Nous n’avons plus de grand homme, mais des petits qui grenouillent et sautillent de droite et de gauche avec une sérénité dans l’incompétence qui force le respect.
– Pierre Desproges
Doc est entré avec fracas dans le café. Je veux dire, il a littéralement rencontré un sac de grain de 60kg livré tout juste devant le comptoir de notre estaminet préféré. La rue Couillard grouille de Japonais accostés au port depuis une heure, se trainent lourdement des jeunes devant la fatale et inéluctable contingence de la rentrée scolaire. Si le gris du ciel annonce l’automne, l’humeur de doc, sa texture, et le personnage coloré invité par Doc chez Éluard, son imprévisibilité.
J’eus la surprise de lire, dans un site Internet à potins de Beauport, un colistier mystère à venir chez Laminer Québec, un nouveau parti politique. Le candidat à la mairie de Québec ne prévoit pas de colistier, puisqu’il ne vise pas de mandat dans une éventuelle opposition à l’Hôtel de Ville. Étonnement et stupeur à cette lecture. Deux ou trois textos ont suffi à planifier une rencontre au sommet avec Doc et le non moins mystérieux candidat « fantôme » du parti Laminer Québec.
Le réseau informel de Doc, le bien nommé Courroie de transmission de la vérité du monde, une chambre d’écho débile, a permis à dégoter les coordonnées de ce fameux colistier. Sans attendre, Doc l’a sommé de se présenter chez Éluard sinon il ferait couler son nom et possible ment le parti de son patron.

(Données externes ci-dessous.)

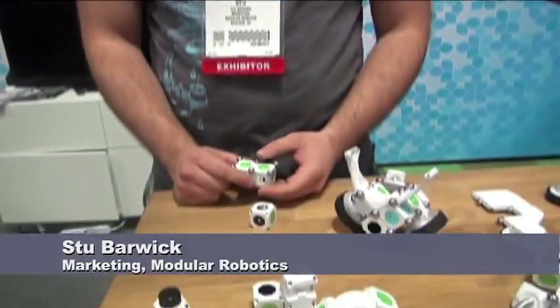We're speaking with Stu of Modular Robotics in Boulder. It's going great, thanks. You've got a great new product here. Yes, this is MOSS. It's a robot construction system, and similar to Cubelets — kind of the younger brother?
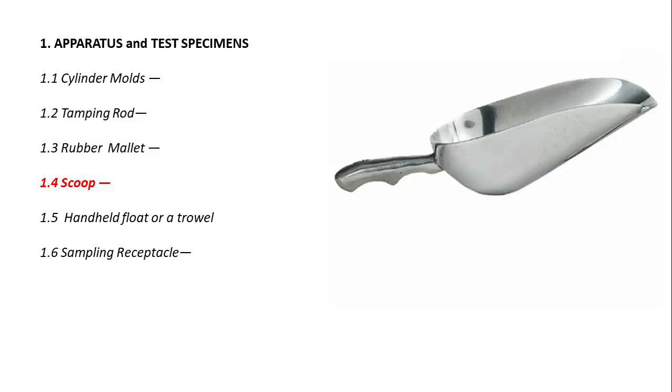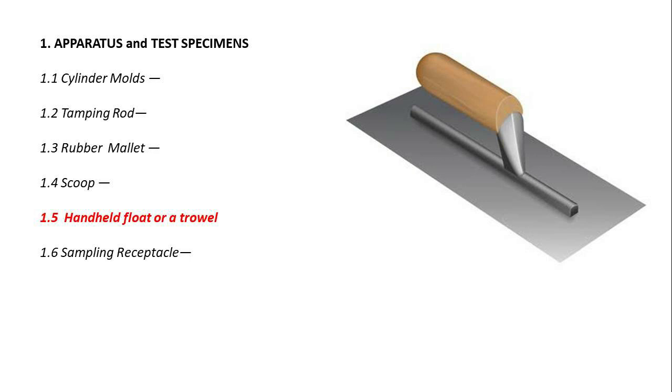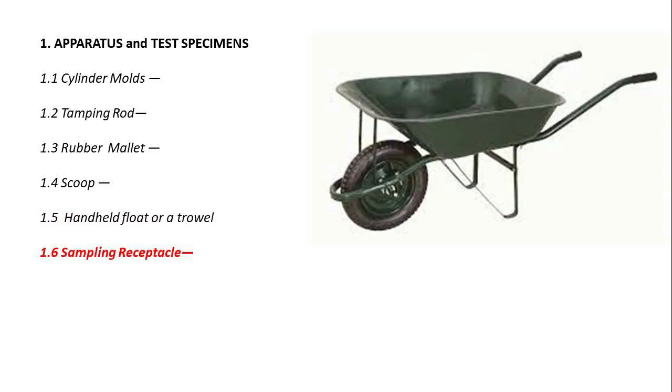Additional equipment includes a mallet, a scoop, a handheld float or trowel, and a sampling receptacle.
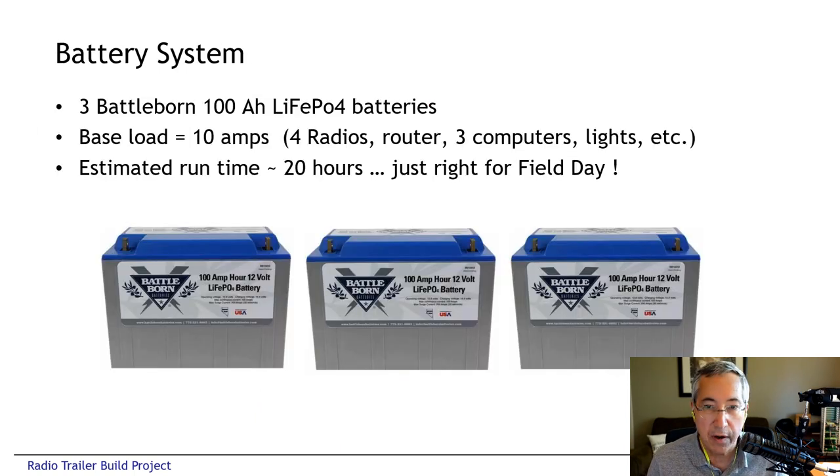The batteries we chose are Battleborn 100 amp-hour lithium iron phosphate batteries. These can pretty much be discharged down to zero percent, but for planning purposes we assumed they'd go down to 20 percent worst case, giving us about 240-250 amp-hours of capacity — which we thought would be quite adequate, and turns out was more than sufficient for field day. Our base load with every radio, every computer, every LCD panel, the router, the hotspot, and all the LED lighting on without transmitting is about 10 amps. So with a 10-amp base load plus variable transmit load, we concluded this was probably sufficient battery capacity for a very long weekend.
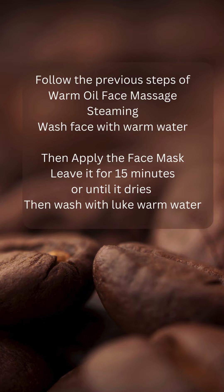Apply the face mask and leave it for approximately 15 minutes or until it dries out, and then wash with lukewarm water.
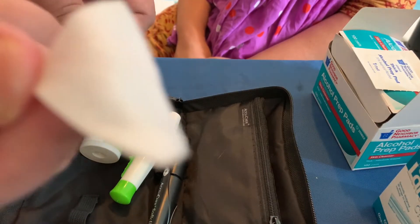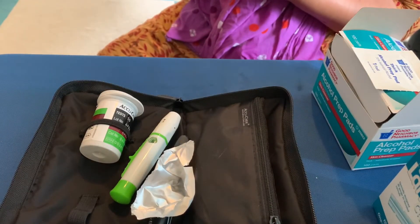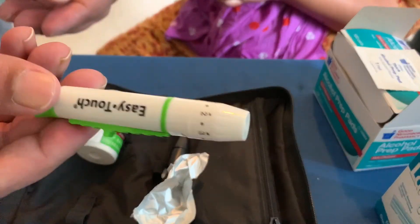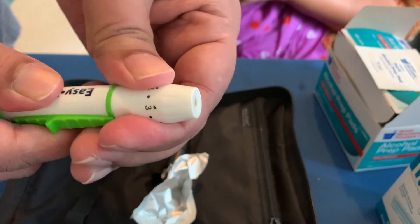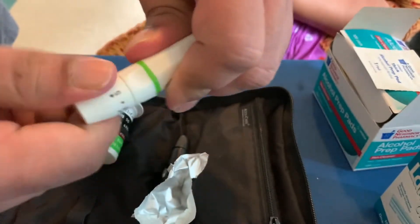This is how the alcohol pads look like. Clean your fingertips using it. Then you want to make sure you are ready with your needle — it's called the Easy Touch needle. It's really easy to use.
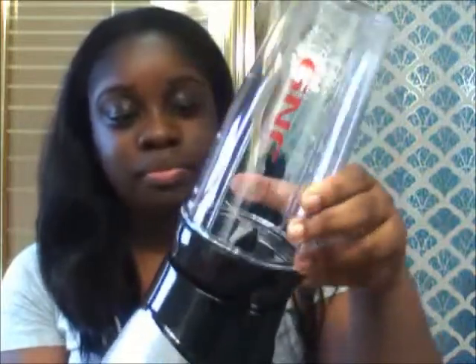And this is the base — this is what the base looks like, and it has a cord. This is what the inside looks like, and it's just real simple. There are arrows on it. So after you fill it up with everything that you have, you just put it in and then just twist it. And then once you twist it, you can set the settings — there's pulse, off, low, and high.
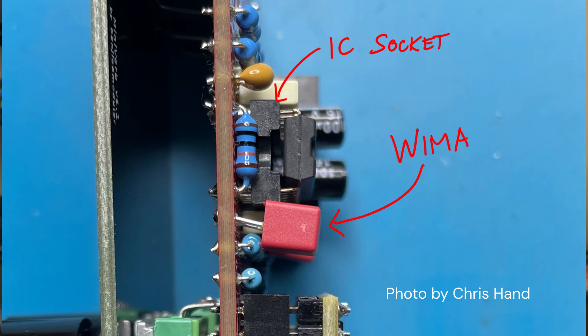There were of course some issues. First of all, I seem to have uploaded the wrong files for the panels by mistake — the one on GitHub didn't have a hole for the LED. That was easily fixed by a drill, but I already uploaded the correct files. I didn't use IC sockets for my build, so I didn't notice this, but my buddy Chris pointed out that using those made the layout a bit cramped, especially when using the WIMA caps. It's still doable, but this is something I'll have to consider in my next designs.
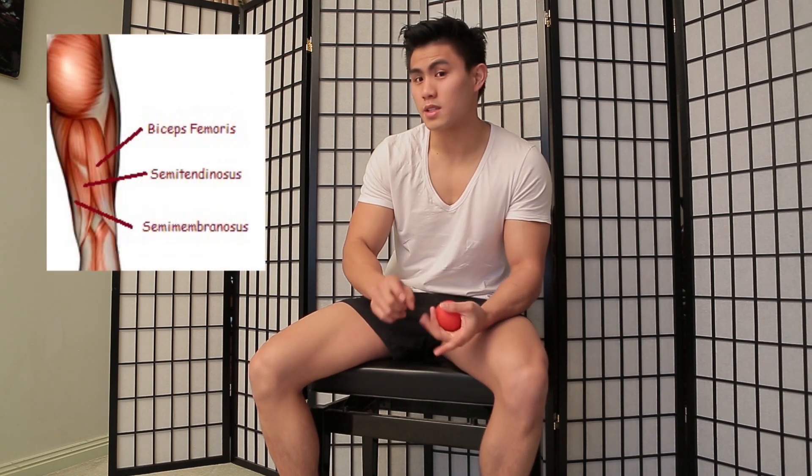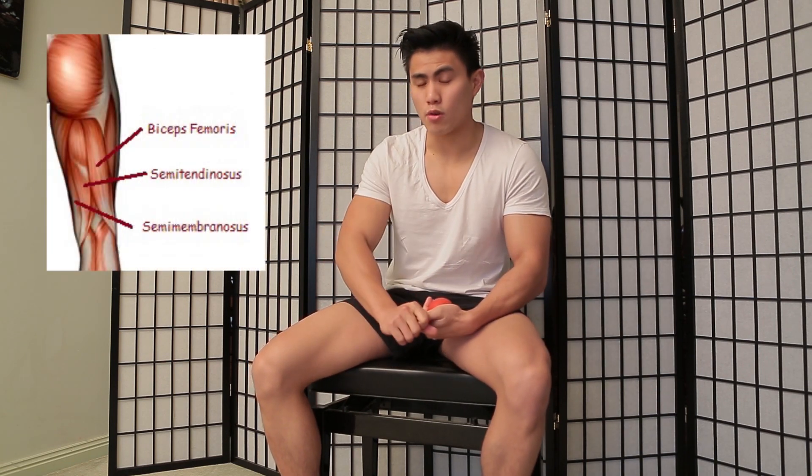Hey guys, I'm Nick from Active Chiropractic and I'm going to show you how to do a massage for your hamstrings using a lacrosse ball, or you can even use a tennis ball, a cricket ball, or even a practice hockey ball, depending on what's at your disposal. The hamstring muscles are composed of semitendinosus, semimembranosis, and bicep femoris.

Si Doc est entré avec fracas dans la poche de Café chez Éluard, sans doute les deux Legendario lampés à la mémoire de la résistance de la Basse-ville y sont pour beaucoup. Il s’est relevé d’un trait assuré, a replacé son pashmina et s’est pressé à la table avec la gueule sévère :
Dites-nous pourquoi votre Lamineur en chef n’a pas gardé le nom du parti original ? Blafard, con et surpris, il dit : Fier lamineur de Québec ?
Doc monte le ton d’un cran :
Oui, c’est ça ! Le FLQ !
Un peu embêté, il rétorque :
C’eut été un suicide politique. L’idée vient des enfants pianistes du chef, pour défense, ils n’ont pas de connaissance en histoire du Québec ; celle du maestro est, au plus, « curieuse ».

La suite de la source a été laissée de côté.